Catching FHIR with Alphabet and Apple - Cover

Catching FHIR with Alphabet and Apple

In the last few years, the landscape of healthcare IT has evolved, with interoperability at the forefront. There’s still a lot of work to go, but I’ve seen exciting progress recently. For example, companies who aren’t traditional healthcare IT players are bringing fresh perspective and building out solutions tailored to patients.

Some of their success depends on the seamlessness of connections with healthcare IT solutions already in place. As many companies have learned the hard way, there’s only so much replacement energy that the market can sustain, especially when touted new solutions don’t actually drastically improve the patient and provider experience. And it’s always a challenge to drive a drastically new approach.

So these new solutions have to work in tandem with what’s already out there. That’s where FHIR comes in—with widespread adoption and success, FHIR can be proverbial tinder for the growing fire of data exchange and interoperability.

The New Kids on the Block

The evolving connectivity of the healthcare market has provided huge business opportunities: for example, the positioning of Alphabet (Google), Apple, and Amazon (I call them the AAA of healthcare IT) for new healthcare products and services.

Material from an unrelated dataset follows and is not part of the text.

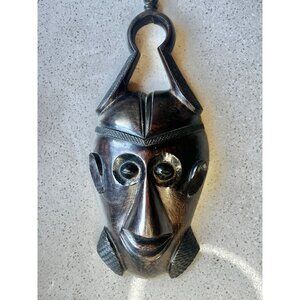 African Tribal IronWood Mask Wall Hanging Decor 13" Repaired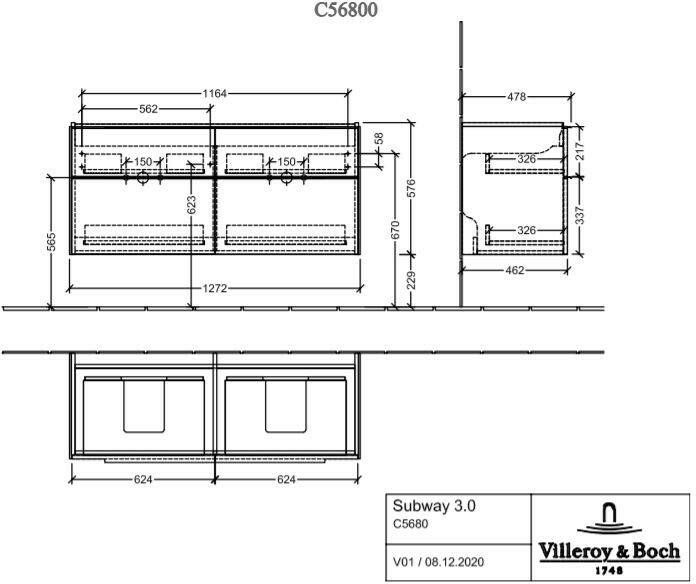 Villeroy & Boch Subway 3.0 wastafelonderkast 127 2x57 6cm 4 la arizona oak arizona oak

The AAA companies all have smart home devices: Alphabet has Google Home, Apple has HomePod, and Amazon has the very successful Alexa. So right now, the AAA are in a very good position to use their AI solutions with medical devices to support disease discovery (e.g., for mental illness, diabetes, COPD, or cancer) in people using their services. In combination, AI and medical devices can be used as screening tools or chronic disease management tools. They could also be used in conjunction with telehealth services by capturing current patient medical data in support of a telehealth visit.

Apple also just launched their Apple Health Records feature, which uses FHIR. The solution gives patient users visibility into their records right on their iPhone. Currently, data only flows one way (from provider org to patient phone), but providers look forward to a bidirectional data flow. While Google failed in their initial foray into healthcare with Google Health, that may improve their chances for success in the new market environment—failure is a good teacher in this industry.

How FHIR Can Help

The FHIR standard is well positioned to facilitate connectivity for the AAA and others in the industry. Alphabet and Apple have publicly committed to use FHIR as the foundation for communicating healthcare information from their solutions to providers. Imagine being able to have your medical devices (e.g., blood pressure cuffs, scales, pulse oximeters, etc.) connected to your smart home device, which then sends that information directly to your providers when captured or as directed by you. This could be especially powerful for patients with chronic conditions and could help catch medical issues early. And that helps everyone’s wallets, too, because late interventions tend to cost dramatically more.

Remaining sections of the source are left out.